14. Method according to claim 1, wherein the images are interlaced images, the method comprising the steps of: producing a vertically interpolated image from the second image; comparing the vertically interpolated image with the first image to produce a first correlation surface; comparing the first image with a third image to produce a second correlation surface; and combining the first and second correlation surfaces into a composite correlation surface; and extracting the motion vector from the composite correlation surface to produce de-interlaced image.

15. Method according to claim 14, comprising the step of: producing said measure of confidence using the composite correlation surface.

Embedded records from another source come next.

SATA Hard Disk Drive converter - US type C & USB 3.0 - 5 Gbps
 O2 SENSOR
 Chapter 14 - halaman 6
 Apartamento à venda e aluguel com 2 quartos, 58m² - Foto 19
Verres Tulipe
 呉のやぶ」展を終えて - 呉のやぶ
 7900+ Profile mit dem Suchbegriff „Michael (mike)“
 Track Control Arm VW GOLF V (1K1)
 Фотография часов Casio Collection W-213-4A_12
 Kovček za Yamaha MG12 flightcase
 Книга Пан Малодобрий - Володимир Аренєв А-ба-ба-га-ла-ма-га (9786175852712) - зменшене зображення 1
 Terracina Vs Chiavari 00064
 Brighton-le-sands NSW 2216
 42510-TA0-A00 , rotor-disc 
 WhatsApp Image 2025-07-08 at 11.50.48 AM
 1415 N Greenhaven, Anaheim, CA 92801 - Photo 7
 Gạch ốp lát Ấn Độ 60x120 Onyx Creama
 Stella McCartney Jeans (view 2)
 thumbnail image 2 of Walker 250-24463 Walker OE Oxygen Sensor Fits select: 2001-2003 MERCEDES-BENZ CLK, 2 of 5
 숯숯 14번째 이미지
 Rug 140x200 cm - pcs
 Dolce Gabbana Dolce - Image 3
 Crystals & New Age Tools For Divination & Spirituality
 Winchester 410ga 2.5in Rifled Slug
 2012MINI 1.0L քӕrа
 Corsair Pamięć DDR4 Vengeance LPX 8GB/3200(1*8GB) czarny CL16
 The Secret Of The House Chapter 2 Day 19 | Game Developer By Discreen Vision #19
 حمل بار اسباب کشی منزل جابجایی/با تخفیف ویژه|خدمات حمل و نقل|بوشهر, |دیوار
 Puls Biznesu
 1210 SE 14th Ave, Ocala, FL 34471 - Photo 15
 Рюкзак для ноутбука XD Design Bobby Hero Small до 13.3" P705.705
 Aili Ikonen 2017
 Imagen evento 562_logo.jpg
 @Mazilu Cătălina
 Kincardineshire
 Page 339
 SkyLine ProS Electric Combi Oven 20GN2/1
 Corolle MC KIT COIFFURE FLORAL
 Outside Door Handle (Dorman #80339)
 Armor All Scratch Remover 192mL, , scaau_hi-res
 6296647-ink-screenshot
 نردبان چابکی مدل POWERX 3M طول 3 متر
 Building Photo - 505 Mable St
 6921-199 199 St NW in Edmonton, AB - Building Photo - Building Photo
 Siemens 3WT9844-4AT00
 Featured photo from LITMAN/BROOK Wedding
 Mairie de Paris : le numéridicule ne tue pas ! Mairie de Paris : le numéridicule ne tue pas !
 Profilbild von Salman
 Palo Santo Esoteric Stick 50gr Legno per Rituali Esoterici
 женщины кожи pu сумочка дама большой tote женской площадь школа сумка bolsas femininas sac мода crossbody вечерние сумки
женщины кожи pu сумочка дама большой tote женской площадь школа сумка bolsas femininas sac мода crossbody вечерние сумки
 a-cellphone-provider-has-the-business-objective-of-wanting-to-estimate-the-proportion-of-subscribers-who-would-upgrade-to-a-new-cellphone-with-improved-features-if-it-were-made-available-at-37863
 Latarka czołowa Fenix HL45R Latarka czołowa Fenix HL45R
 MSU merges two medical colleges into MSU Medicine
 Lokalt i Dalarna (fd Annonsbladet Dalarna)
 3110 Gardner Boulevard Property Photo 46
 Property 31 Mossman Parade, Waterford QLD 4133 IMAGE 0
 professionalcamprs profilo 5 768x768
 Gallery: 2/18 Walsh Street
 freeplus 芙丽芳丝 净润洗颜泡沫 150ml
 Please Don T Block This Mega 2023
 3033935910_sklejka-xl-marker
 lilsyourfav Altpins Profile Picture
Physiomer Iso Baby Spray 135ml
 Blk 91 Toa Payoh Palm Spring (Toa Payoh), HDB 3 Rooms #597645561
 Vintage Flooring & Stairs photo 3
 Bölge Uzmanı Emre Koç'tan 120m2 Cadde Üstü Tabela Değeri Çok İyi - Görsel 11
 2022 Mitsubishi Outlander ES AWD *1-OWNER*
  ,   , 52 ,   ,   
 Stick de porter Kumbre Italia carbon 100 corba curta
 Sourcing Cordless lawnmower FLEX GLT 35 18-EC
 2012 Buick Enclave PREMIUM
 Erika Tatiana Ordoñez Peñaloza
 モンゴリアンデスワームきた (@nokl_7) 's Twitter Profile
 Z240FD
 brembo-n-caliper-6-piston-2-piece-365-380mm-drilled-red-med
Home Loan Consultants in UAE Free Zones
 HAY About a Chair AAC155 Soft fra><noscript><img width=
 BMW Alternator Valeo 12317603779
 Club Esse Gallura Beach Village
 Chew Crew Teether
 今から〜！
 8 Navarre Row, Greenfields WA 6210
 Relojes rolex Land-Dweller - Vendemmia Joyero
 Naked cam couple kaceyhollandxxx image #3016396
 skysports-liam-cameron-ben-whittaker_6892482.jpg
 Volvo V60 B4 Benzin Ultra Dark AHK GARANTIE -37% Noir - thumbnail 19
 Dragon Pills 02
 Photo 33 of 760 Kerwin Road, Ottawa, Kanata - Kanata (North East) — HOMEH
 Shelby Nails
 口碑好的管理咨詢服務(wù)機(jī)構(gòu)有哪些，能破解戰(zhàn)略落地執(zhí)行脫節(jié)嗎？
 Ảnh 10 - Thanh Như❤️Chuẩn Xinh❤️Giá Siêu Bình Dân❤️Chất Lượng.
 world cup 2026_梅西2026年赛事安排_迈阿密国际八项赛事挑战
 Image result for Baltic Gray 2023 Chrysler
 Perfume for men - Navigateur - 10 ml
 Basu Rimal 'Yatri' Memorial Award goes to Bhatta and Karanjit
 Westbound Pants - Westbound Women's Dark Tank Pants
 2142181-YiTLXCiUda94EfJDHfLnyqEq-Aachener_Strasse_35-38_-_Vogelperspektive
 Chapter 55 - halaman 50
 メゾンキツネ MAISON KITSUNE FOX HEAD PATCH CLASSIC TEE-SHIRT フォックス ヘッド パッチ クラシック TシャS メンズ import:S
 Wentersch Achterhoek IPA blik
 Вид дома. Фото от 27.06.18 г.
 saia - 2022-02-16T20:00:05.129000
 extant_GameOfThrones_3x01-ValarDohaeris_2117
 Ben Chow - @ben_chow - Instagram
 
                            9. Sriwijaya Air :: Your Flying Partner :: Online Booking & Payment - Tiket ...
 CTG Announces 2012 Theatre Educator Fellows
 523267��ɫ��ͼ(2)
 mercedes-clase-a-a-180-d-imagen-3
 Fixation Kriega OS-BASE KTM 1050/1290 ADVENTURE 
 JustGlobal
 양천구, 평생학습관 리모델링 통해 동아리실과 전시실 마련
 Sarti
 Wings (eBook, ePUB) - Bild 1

16. Method according to claim 14, wherein the motion vector is extracted by comparing the second information from the first information, and said step of synthesizing a first synthesized image includes a step of: compensating image motion using the first image and the motion vector to produce a forward motion compensated image; compensating image motion using the second image and the motion vector to produce a backward motion compensated image; and blending the forward motion compensated image and the backward motion compensation image to produce a motion compensated image as said first synthesized image.

17. Method according to claim 16, wherein the step of synthesizing a second image includes a step of: combining the first information and the second information to produce a temporally interpolated image.

18. A method according to claim 17, wherein the first synthesized image is a synthesized motion compensated image, the method comprising the step of: combining the synthesized motion compensated image and the interpolated image to produce a synthesized video image.